Rose patiently withstood the poking and prodding, the taking of blood samples and the machine that doubled as a fetal heart monitor. It never ceased to amaze her when she heard the rapid double beat that almost sounded like a train.
The first time they had heard that, she’d felt the Doctor’s fear and worry, but he separated himself from it, so she no longer could sense it. He’d told her he’d thought he’d heard a problem, but all tests proved otherwise. He wasn’t lying, she could sense that, so she took his word on it.
The Sonagram was a bit different that the sonic imager, and while it didn’t give her the full three dimensional image of her baby, evidently Doctor Beckett could read it just fine.
“Oh, aye, he’s got a big head, this one.”

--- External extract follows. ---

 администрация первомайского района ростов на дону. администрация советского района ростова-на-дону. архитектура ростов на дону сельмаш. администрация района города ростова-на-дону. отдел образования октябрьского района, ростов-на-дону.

Rose snorted. “So does his father. So the second opinion is yes, definitely c-section, right?”
“It’s most likely. I don’t think you’ll be able to safely deliver with the usual dilation. Too many complications could come about.” He sounded like he said aboot, and Rose had to smile.
The Doctor nodded to the carefully labeled blood vials. His and Rose’s. “You’ll want to be looking at mine first. Unless it’s specially treated, it breaks down in one hour, twenty three minutes and fifteen seconds.”
It was a built in precaution Rassilon had instilled along with the third strand allowing regeneration. No one could keep, copy or clone Gallifreyian DNA without knowing how, and only Time Lords knew how.
“You’ll be staying for a while then? So I can run through these tests?” Beckett looked like he doubted the tourist story, even if it was the truth.
“Few days at least. Too many people to catch up with now,” the Doctor looked dejected.
“Least a week, yeah?” He winced, but nodded. She wouldn’t say it, because it still hurt a bit, but he’d give her a week visiting her mum. Now she didn’t have Jackie anymore, so his grand romantic gesture was allowing her to see friends she had made on the Island. Letting her stay in touch with her own world and time. In a way it gave her a more permanent home that the Tardis, though she considered the living ship more home than Earth any more, and it gave this baby a home world. He’d never give her flowers, or chocolates, or any of those corny things. He’d show her solar systems being born and dying, take her to places where she was the first human to step, and he gave her ties, for a man who didn’t do domestic, he was pretty good at certain aspects.
“So, can I eat yet?” Rose looked hopefully at Beckett.
“I’ll call for ye if there are any more questions. You can go have a bite, sure.” Beckett was looking somewhere between puzzled and excited over what readings he had so far. He was keeping himself reassuring and kind, a proper doctor with a wonderful bedside manner, but he was intrigued.
Collecting Jack and Ripley at the door, they had gone only ten minutes before Chloe was brought in. They managed to miss the first wave of problem patients entirely.